— TASK —
Would you please restate the data exactly as it stands, apart from the pictures?
[[ INFORMATION SUPPLIED open ]]
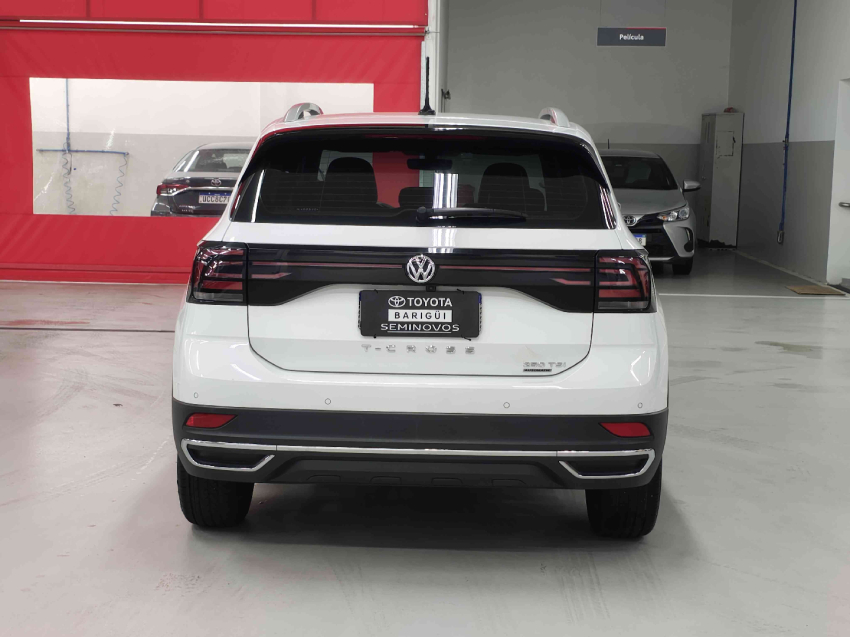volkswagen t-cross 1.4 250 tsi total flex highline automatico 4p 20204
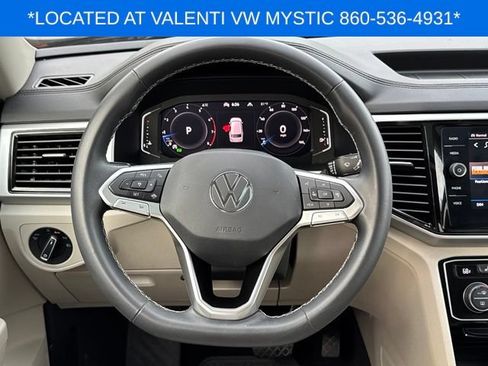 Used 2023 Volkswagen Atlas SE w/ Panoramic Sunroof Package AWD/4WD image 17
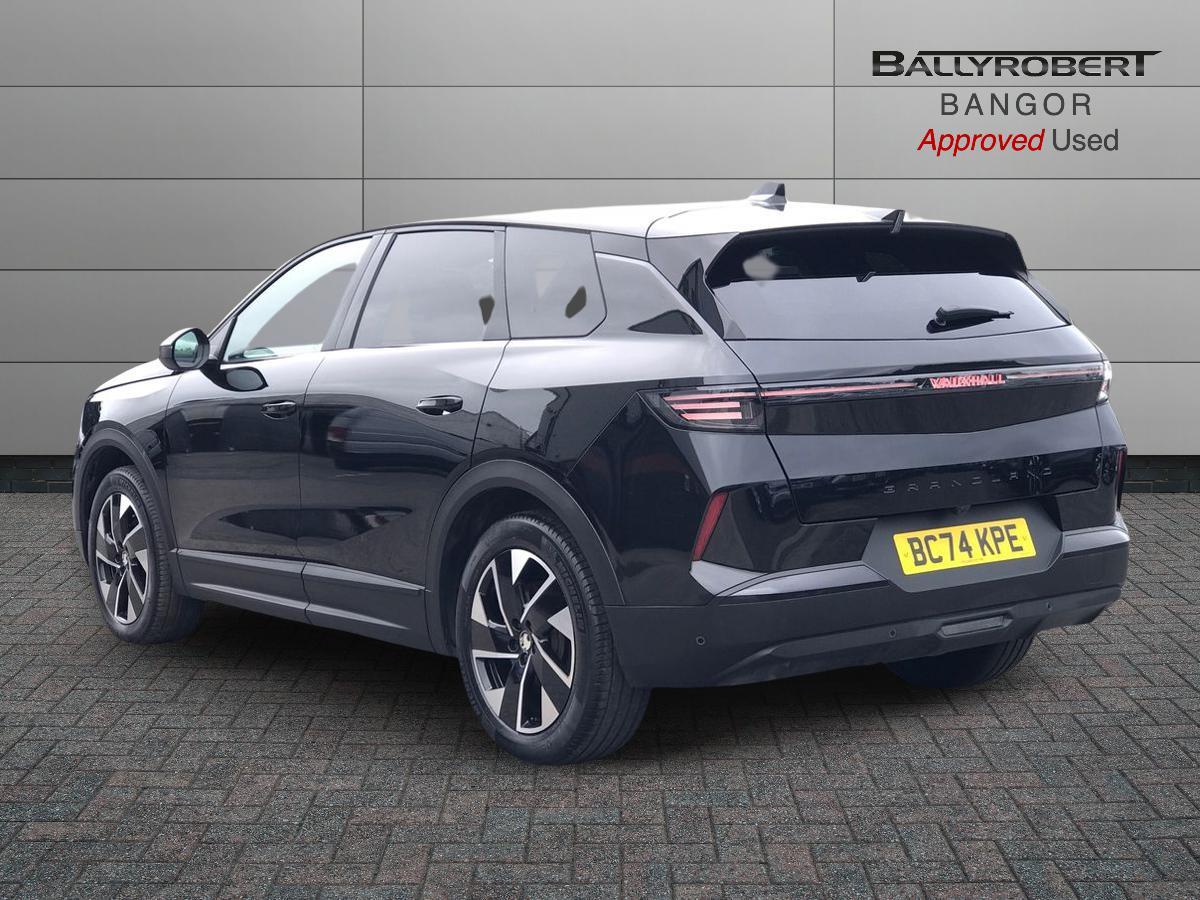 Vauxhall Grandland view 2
[[ INFORMATION SUPPLIED closed ]]
— RESPONSE TO THE TASK —
volkswagen t-cross 1.4 250 tsi total flex highline automatico 4p 20204
 Used 2023 Volkswagen Atlas SE w/ Panoramic Sunroof Package AWD/4WD image 17
 Vauxhall Grandland view 2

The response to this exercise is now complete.